We might almost call the Holy Spirit, ‘God the Evangelist.’ And a very remarkable evangelist he is. He does not remain in a pulpit or on a platform. He comes down and moves among the congregation, speaking, moving, and convicting according the the inmost thoughts and needs of each individual.
Martyn Lloyd-Jones once pointed out that the Holy Spirit can achieve more in a single hour than we with all our organisation and hard work can achieve in a life-time. This is not, of course, an argument in favour of disorganisation or laziness. But it is a reminder that whatever our efforts may be, we are utterly reliant upon the Holy Spirit. One person plants, and another waters, but it is God who gives the increase.
Maybe we need to remind ourselves of this if we feel discouraged in our efforts to share Jesus in a world that seems increasingly hostile towards him. Maybe you feel very isolated as one of the few Christians in your family, in your class at school or college, in your team at work. It is no cliche that ‘one plus the Holy Spirit is a majority’.

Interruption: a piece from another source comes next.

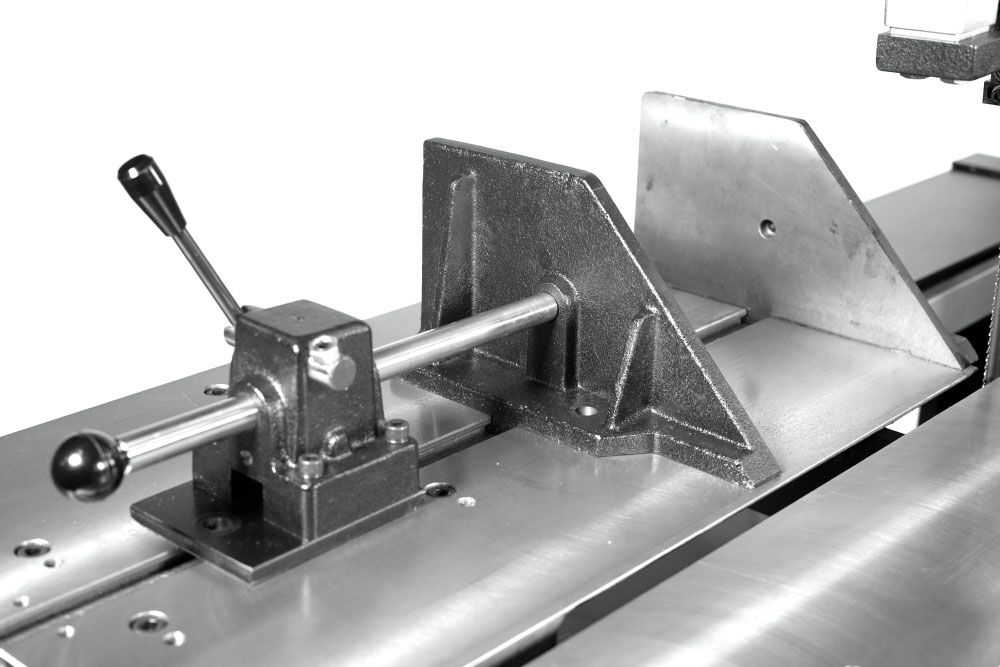 Industrial Equipment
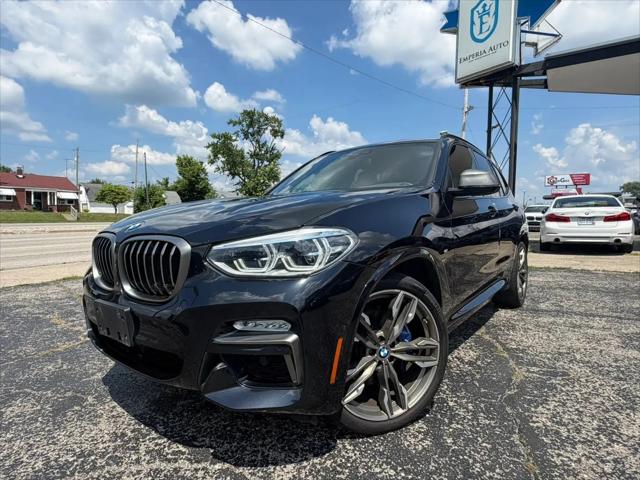 2019 BMW X3 M40i for sale near Springfield, OH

How good it was, then, that Jesus, after his work of atonement on the cross, after his glorious resurrection from the grave, after his triumphant ascension to his Father’s right hand in glory, sent the gift of the Paraclete, the Holy Spirit, to be with us for ever. It was good for those first disciples, huddled together in that upper room, and good for us too, as we face the challenge and the adventure of being his witnesses today.